AVAILABLE DATA:
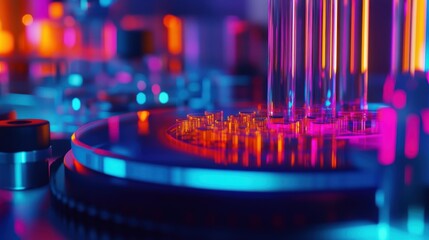 A closeup of vibrant manufacturing equipment where a group of employees is analyzing samples highlighting the teamwork behind improving quality standards.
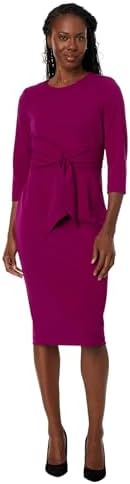 adrianna papell jersey taffeta dress Adrianna Papell Women's Short Draped Bell Sleeve Jersey Dress - Black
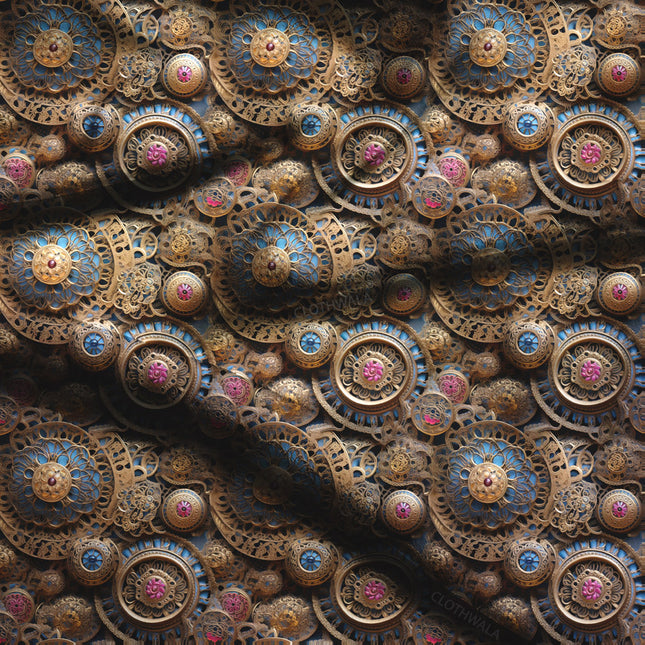 Exclusive Ornate Medallion Ancestry Soft Crepe Printed Fabric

PROMPT: Take the listing and print it again exactly, but without any pictures.

PROBLEM SOLUTION:
 A closeup of vibrant manufacturing equipment where a group of employees is analyzing samples highlighting the teamwork behind improving quality standards.
 adrianna papell jersey taffeta dress Adrianna Papell Women's Short Draped Bell Sleeve Jersey Dress - Black
 Exclusive Ornate Medallion Ancestry Soft Crepe Printed Fabric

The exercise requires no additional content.